Another example: when I had it review my blog post about why C uses const char * instead of a real string type, the clanker turned the blog post into Rust propaganda (I mocked it on X and Fediverse).
That wasn't the topic of the article at all!
I mentioned that Rust has many ways to define strings and that Rust zealots like rewriting everything in Rust whether it makes sense or not, and apparently that triggered the AI to rewrite my C-focused post into a Rust-focused one.
Ironically.

Code Regression

Many people use LLMs for code.
More than for any other purpose.
AI is pretty good at giving starting points and boilerplate that you otherwise have to input it yourself, and it can't finish anything correctly.
Programming is a logic-based environment, yet humans remain indispensable in this field forever.

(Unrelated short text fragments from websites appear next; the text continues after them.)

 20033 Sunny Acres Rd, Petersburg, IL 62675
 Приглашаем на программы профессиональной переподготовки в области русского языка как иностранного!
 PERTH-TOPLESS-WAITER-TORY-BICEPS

You may have noticed: when you ask for something you want to build, it generates buggy code and tells you to fix it yourself.
The lazy fuck you are ask for a fix, it breaks the code and says "100% working final version", but when you check, it's broken.
When you point out it's broken, it admits and apologizes, then adds more lines of code to "fix" it, making it even worse.
When you say that, it adds even more lines.

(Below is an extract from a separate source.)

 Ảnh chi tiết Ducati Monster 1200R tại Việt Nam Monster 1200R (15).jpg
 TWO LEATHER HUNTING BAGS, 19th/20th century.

In my tests, it gradually went from 10 lines to 16, 18, 21, 25, 30 lines, with each iteration worse than the last.
Sometimes it gives working code (even if not correct), but often, especially for less common things, it doesn't.
I looked at the original 10 lines, thought about it, fixed it myself, and made it work in 3 lines.
So I threw out 9 lines (keeping only the closing braces) and wrote 2 lines of code.
I made it work in 3 lines what the clanker tried to do in 30!

Blog Announcement

Before ending, I want to let you know that this will be my last blog post for a while.
The reason is that I'm putting a big focus on game development and planning a Vulkan tutorial series.
It will help you build a game engine from scratch and understand how it works and what the GPU does in the background.
I want to encourage indie game developers to build their own game engines from scratch instead of relying solely on Unreal or Unity.
So that game development doesn't go in the same direction that broke web development—over-dependence on frameworks.
I'll return to the blog in a few months, so I'm not leaving completely.